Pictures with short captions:

- - - -

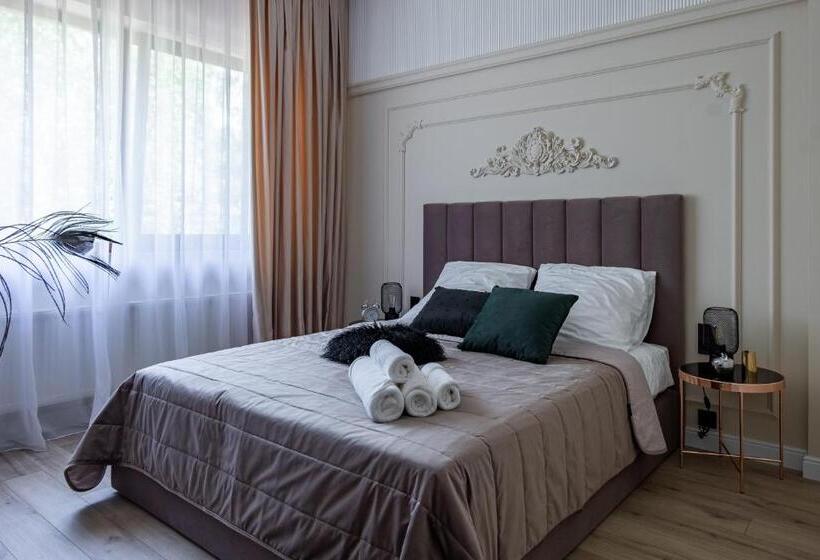 Standard Room, Resto Park традиція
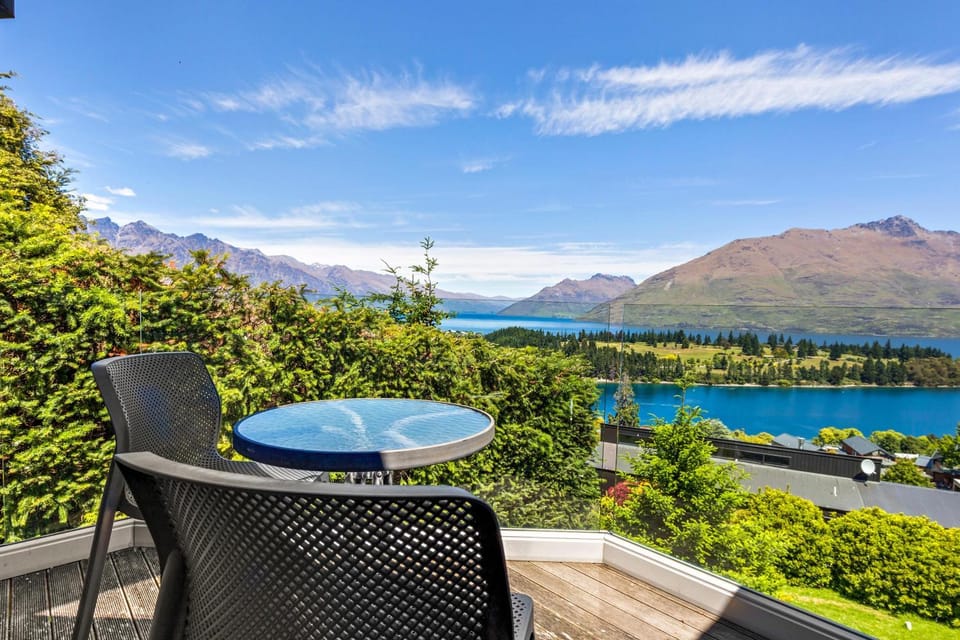 Day, Balcony/Terrace, Seating area, Dining area, Lake view, Mountain view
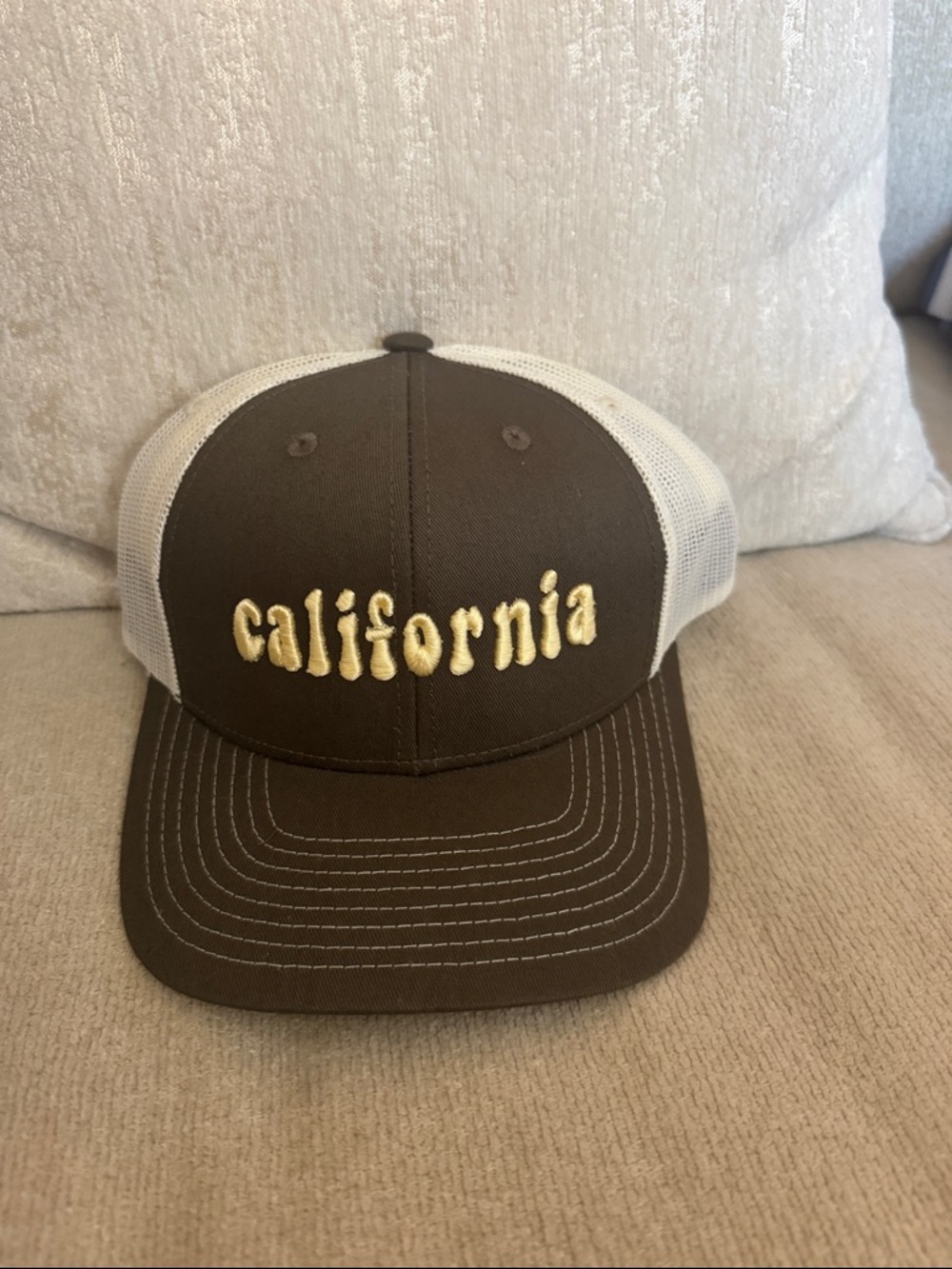 California Embroidered Trucker Hat - Brown and White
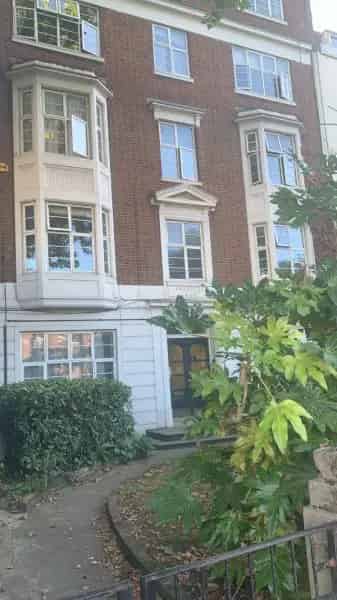 2-Bedroom Apartment near Primrose Hill and Regent's Park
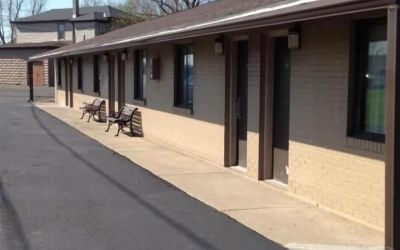 Property exterior at Stadium View Inn.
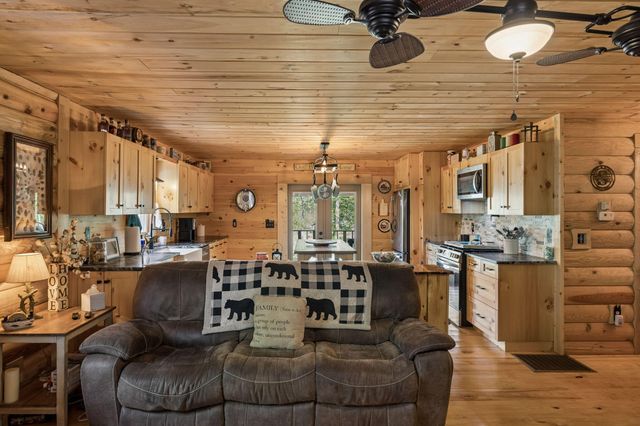 1532 Turkey Creek Road, Tellico Plains, TN 37385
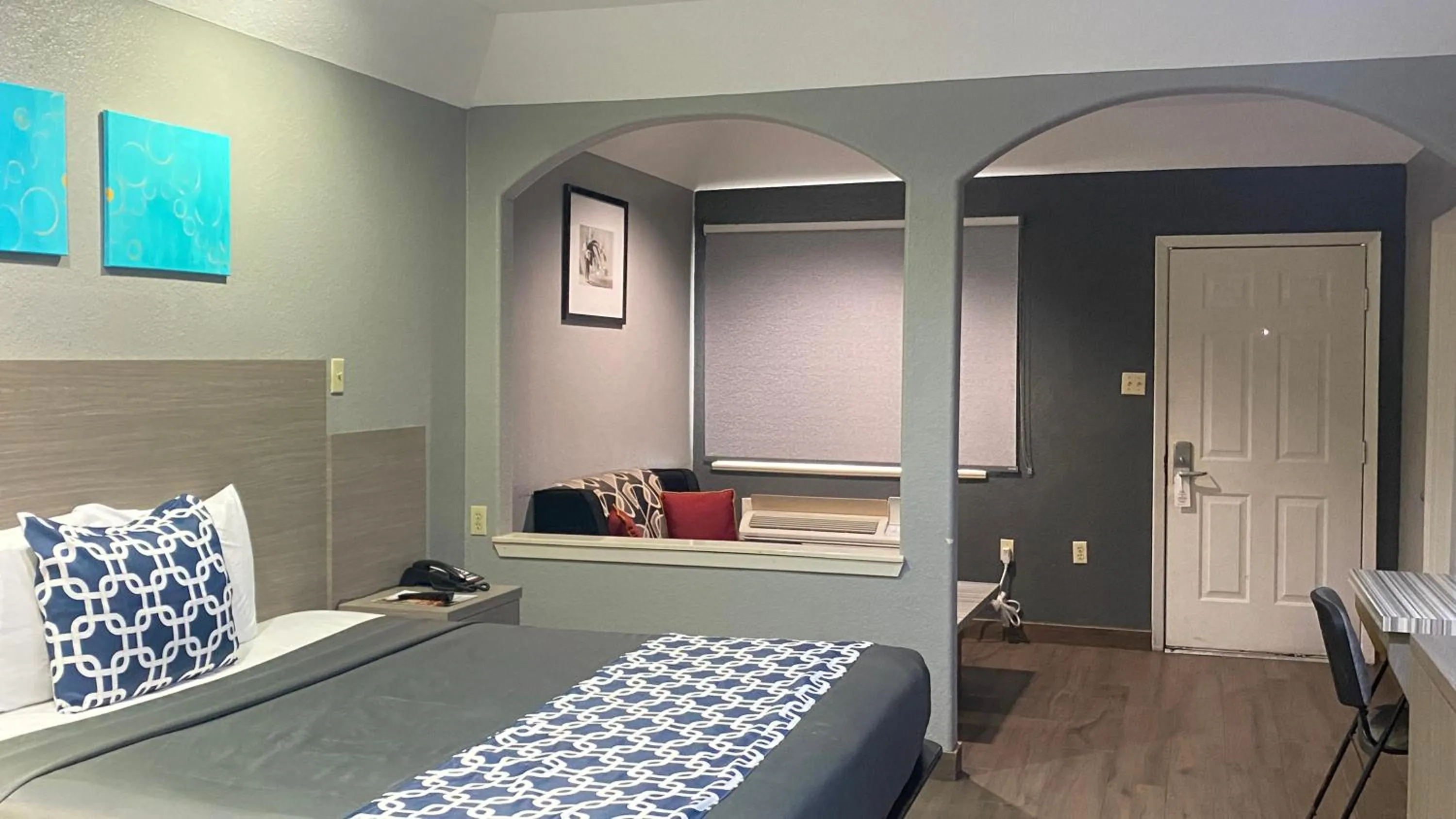 Bed in Island Suites Hobby Airport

- - - -

## EXERCISE DETAILS
Repeat the preceding records exactly but drop the images.

## OUTPUT FOR THIS EXERCISE
 Standard Room, Resto Park традиція
 Day, Balcony/Terrace, Seating area, Dining area, Lake view, Mountain view
 California Embroidered Trucker Hat - Brown and White
 2-Bedroom Apartment near Primrose Hill and Regent's Park
 Property exterior at Stadium View Inn.
 1532 Turkey Creek Road, Tellico Plains, TN 37385
 Bed in Island Suites Hobby Airport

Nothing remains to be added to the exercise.